British Mountaineering Council Meet

Publication Year: 1983.

British Mountaineering Council Meet. Mark Hutchinson, our British Mountaineering Council host, has a most enjoyable and charismatic personality and did an unsurpassable job of organizing the meet and in particular of arranging an itinerary which allowed us a sampling of a wealth of crags in a relatively short time. The BMC reserved a hut in Capel Curig for our week in North Wales and a hut near Matlock for our week in the Peak District, a complex area of hills and valleys near Sheffield. The latter has limestone in the valleys and gritstone on the ridges of the hills. We took day excursions from these huts and returned each night. Meals were prepared as a group, using the hut facilities, Especially enjoyable were the several evening meals we had at fish-and-chips shops, Indian Tandoori restaurants and other typically British eating places. Transport was via a rented van combined with several private cars belonging to British participants.
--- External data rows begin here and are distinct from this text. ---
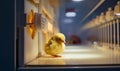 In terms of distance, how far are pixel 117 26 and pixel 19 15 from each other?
1.93 metres

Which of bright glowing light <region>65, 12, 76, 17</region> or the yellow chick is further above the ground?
bright glowing light <region>65, 12, 76, 17</region>

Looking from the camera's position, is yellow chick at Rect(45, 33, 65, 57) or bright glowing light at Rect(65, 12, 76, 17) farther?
bright glowing light at Rect(65, 12, 76, 17)

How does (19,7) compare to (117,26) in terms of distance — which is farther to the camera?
(117,26)

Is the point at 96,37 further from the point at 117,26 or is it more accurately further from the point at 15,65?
the point at 15,65

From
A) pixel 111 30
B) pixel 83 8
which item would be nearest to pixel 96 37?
pixel 111 30

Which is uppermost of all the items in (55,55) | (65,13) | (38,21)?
(65,13)

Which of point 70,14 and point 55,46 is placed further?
point 70,14

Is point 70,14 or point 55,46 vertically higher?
point 70,14

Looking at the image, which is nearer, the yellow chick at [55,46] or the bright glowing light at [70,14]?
the yellow chick at [55,46]

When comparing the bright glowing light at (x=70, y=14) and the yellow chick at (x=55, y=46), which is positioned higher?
the bright glowing light at (x=70, y=14) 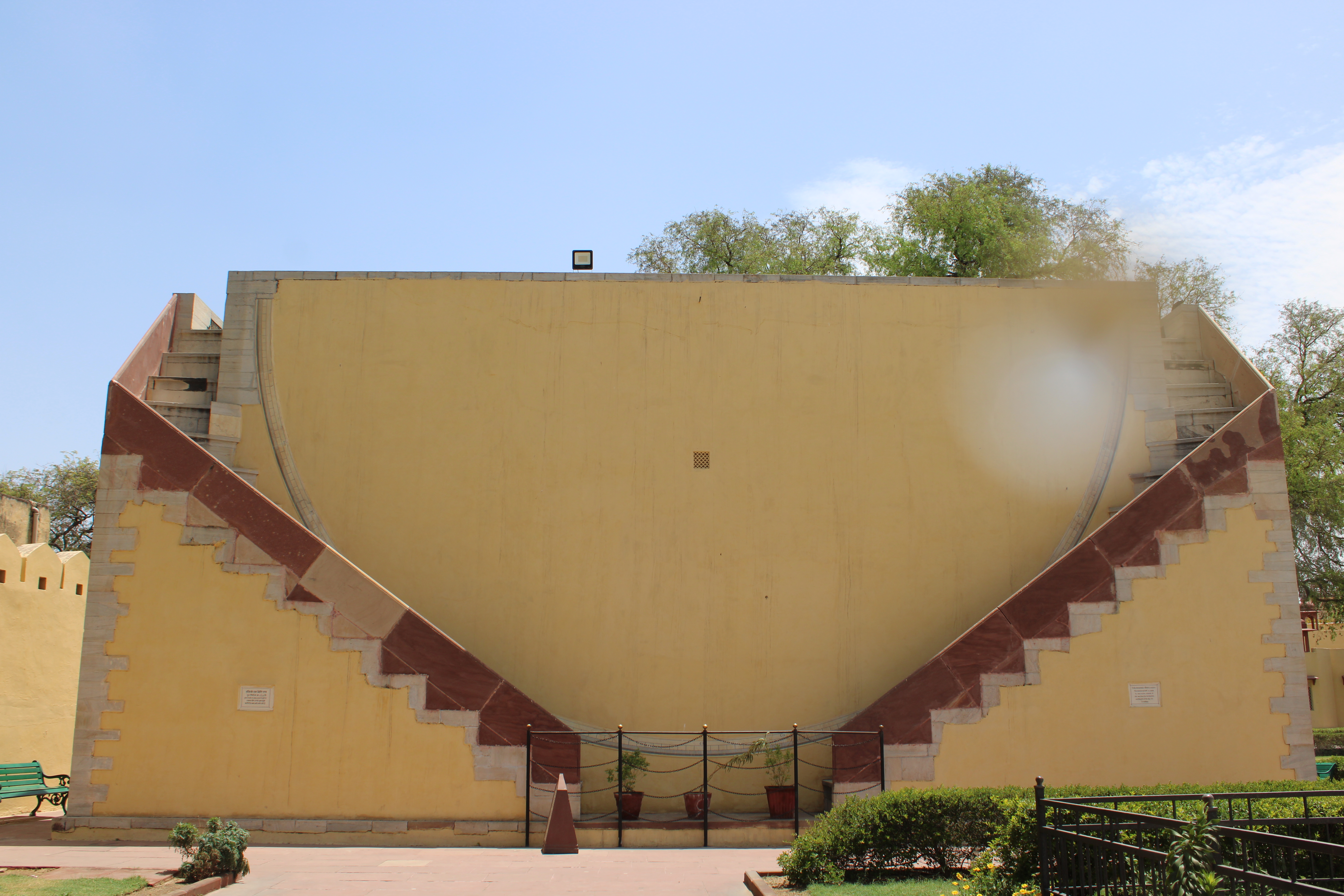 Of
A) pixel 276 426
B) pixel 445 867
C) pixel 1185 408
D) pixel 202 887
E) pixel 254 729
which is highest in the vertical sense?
pixel 1185 408

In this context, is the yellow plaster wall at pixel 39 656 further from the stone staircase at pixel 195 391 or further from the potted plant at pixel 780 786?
the potted plant at pixel 780 786

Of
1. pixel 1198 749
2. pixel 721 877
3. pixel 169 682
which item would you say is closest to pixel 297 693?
pixel 169 682

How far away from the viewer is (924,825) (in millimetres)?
8359

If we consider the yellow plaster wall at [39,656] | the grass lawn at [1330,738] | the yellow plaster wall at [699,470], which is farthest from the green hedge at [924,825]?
the grass lawn at [1330,738]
This allowed us to split up when consensus dictated and visit several crags simultaneously. Climbing with many of Britain’s top climbers, I feel we all developed an appreciation not only of the distinctly bold style and high standard of climbing but also of the intense social scene in British climbing, due in part to the great number of active climbers combined with the limited size of the country. Climbers frequently travel to all parts of the country and are very much aware of and keenly interested in what others are accomplishing. This fosters a strong sense of competition among British climbers which is lacking in the United States. I personally was able to do 34 different routes of high standard, from 5.10a to 5.12b. The BMC graciously treated us to several evenings in the pubs, allowing us to appreciate these social gathering spots as well as to taste the legendary beer! Those representing the American Alpine Club were Douglas Madara, Randy Vogel, Maria Cranor, Kjell Swedin, Dan Lepeska and I.